# Get Best Offers

## Make Predictions on a Subselection

In [4]:
def predict_subselection_xgb(df, manufacturer, car_model, max_mileage, initial_approval, n_days, model):
    # predict_subselection_xgb function begins
        
    # Process done by the function
    manufactuer_formatted = str("Manufacturer_" + str(manufacturer))
    car_model_formatted = str("Model_" + str(car_model))
    
    ### 1) subselect the specified car model as well as max_kilometers and initial_approval ###
    car_model_subset = df.copy()
    car_model_subset = car_model_subset[(car_model_subset[manufactuer_formatted] == 1) & (car_model_subset[car_model_formatted] == 1) & (car_model_subset["Erstzulassung_Jahr"] >= initial_approval) & (car_model_subset["Mileage"] <= max_mileage)]
    
    ### 2) convert date_scraped to timestamp object ###
    car_model_subset_days = car_model_subset.copy()
    car_model_subset_days.loc[:, 'Date_scraped'] = pd.to_datetime(car_model_subset.loc[:, 'Date_scraped'])
    
    ### 3) only respect data scraped in the last n days ###
    
    # get current date
    current_date = datetime.now()
    
    # get date n_days back
    date_n_days_ago = current_date - timedelta(days= n_days)
    
    # subselect only observations scraped since date_n_days_ago
    n_days_subset = car_model_subset_days[car_model_subset_days["Date_scraped"] >= date_n_days_ago]
    
    if len(car_model_subset_days) < 1:
        
        return "no data"
    
    ### 4) Make Predictions ###
    
    print("Making Price Predictions...")

    prediction_subset = n_days_subset.copy()
    
    # extract true prices and URL
    true_prices = prediction_subset["Price"]
    model_urls = prediction_subset["URL"]
    
    
    # drop true prices and URL for model predictions
    prediction_subset.drop(columns = ["Price"], inplace = True)
    prediction_subset.drop(columns = ["URL"], inplace = True)
    prediction_subset.drop(columns = ["Date_scraped"], inplace = True)
    
    # predict prices for observations
    predicted_y = model.predict(prediction_subset)
    
    # merge the data frame back together and calculate a price diff
    merged_df = prediction_subset.copy()
    merged_df["Price"] = true_prices
    merged_df["Predicted Price"] = predicted_y
    merged_df["Price Diff"] = merged_df["Predicted Price"] - merged_df["Price"]
    merged_df["URL"] = model_urls
    
    merged_df["Manufacturer"] = manufacturer
    merged_df["Model"] = car_model
    
    # sort the dataframe such that good offers (Predicted Price >> Price) are shown at top
    sorted_prediction_df = merged_df.sort_values(["Price Diff"], ascending = False)
    
    print(f"Predictions done! Found {len(sorted_prediction_df)} observations for {manufacturer} {car_model} and max mileage of {max_mileage}km and Initial Approval >= {initial_approval}!")
    
    return sorted_prediction_df

## Check Best Offers on Availability and Create Result DataFrame

In [7]:
def get_best_offers_efficiently_xgb(df, n_best_offers, area_input, change_vpn, sleep_time):
    # get_best_offers_efficiently_xgb function begins
    
    # Process done by the function

    
    sorted_prediction_df = df.copy()
    
    # create empty df for results
    result_df = pd.DataFrame()
    
    if change_vpn:
        
        instructions_vpn = initialize_VPN(area_input = area_input)
        rotate_VPN(instructions_vpn)
    
    print("Checking Availability and Creating Result DataFrame!")
    
    # start an index for the while loop
    index = 0
    
    # loop over sorted prediction df
    while len(result_df) < n_best_offers and index <= len(sorted_prediction_df)+1:
        
        
        # extract current entry
        curr_entry = sorted_prediction_df[index : index+1].copy()
        
        # extract current URL
        
        curr_url = curr_entry["URL"][curr_entry.index[0]]

        try:

            response = requests.get(curr_url, timeout = 10)

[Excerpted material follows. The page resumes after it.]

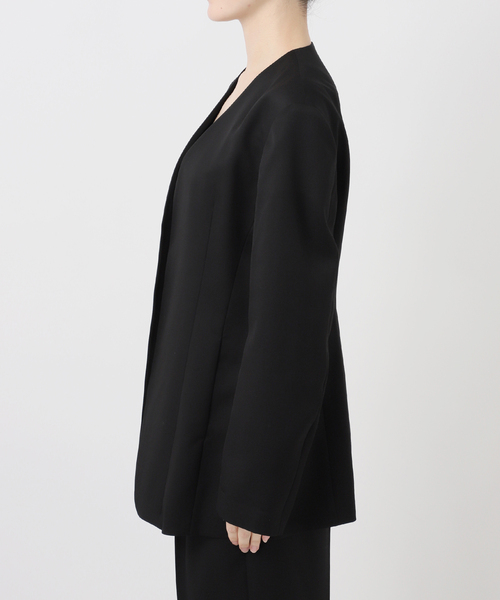 VERMEIL par iena(ヴェルメイユパーイエナ)の「ドライツイルノーカラージャケット(ノーカラージャケット・レディース・ブラック・40/38/36)」の15枚目の写真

            if response.status_code == 200:
                
                try:
                    # get the image_url
                    html = response.text
                    doc = BeautifulSoup(html, "html.parser")
                    img_url = doc.find('picture', class_ ='ImageWithBadge_picture__XJG24').find()
                    img_url = "/".join(str(img_url).split()[3].split("=")[1][1:-1].split("/")[:-1])

                    # save successful observation to result dataframe
                    curr_entry["Image URL"] = img_url
                    result_df = pd.concat([result_df, curr_entry])
                    
                    #print(f"Succesfully created entry at index {index}!")

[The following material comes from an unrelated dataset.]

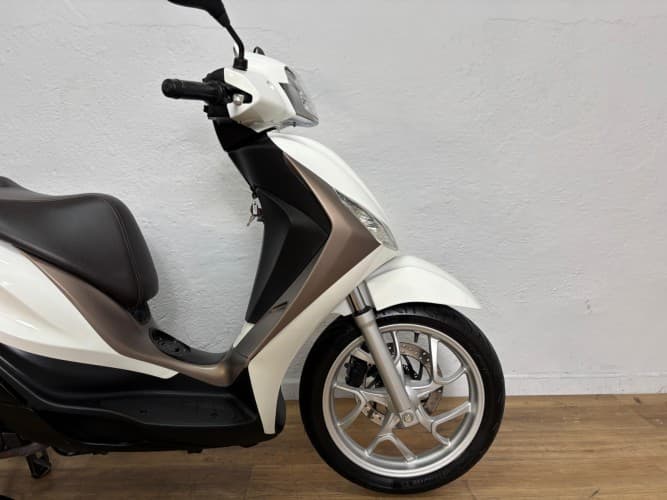 Comprar PIAGGIO MEDLEY 125 2024 de segunda mano PIAGGIO MEDLEY 125 2024 de segunda mano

                    # let the scraper sleep to remain undetected
                    time.sleep(sleep_time)
                    
                except Exception as e:
                            
                    # let the scraper sleep to remain undetected
                    #print(f"Failed to create entry at index {index}!")
                    #print(f"Error: {e}")
                    
                    time.sleep(sleep_time)
            

            

            
            
        # handle and log the exception
        except requests.RequestException as e:
            
            # let the scraper sleep to remain undetected
            time.sleep(sleep_time)
            

        # increase index by 1 for each iteration
        index += 1
        
    if len(result_df) < 1:
        
        print("Found no available Offers! [2nd function]")
    
    else:
        
        print(f"Best Offers DataFrame created with {len(result_df)} Offers!")
        
    ## Formating Results
    result_df.rename(columns = {"Predicted Price" : "Fair Price", "Price" : "Offer Price", "Price Diff" : "Savings"}, inplace = True)
    
    # round results
    result_df_rounded = result_df.round(2)
    
    
    # add € to Price columns
    price_columns = ["Fair Price", "Offer Price", "Savings"]

    # Adding the € sign to the specified columns
    for col in price_columns:

        result_df_rounded[col] = result_df_rounded[col].apply(lambda x: f"{x:.2f}€")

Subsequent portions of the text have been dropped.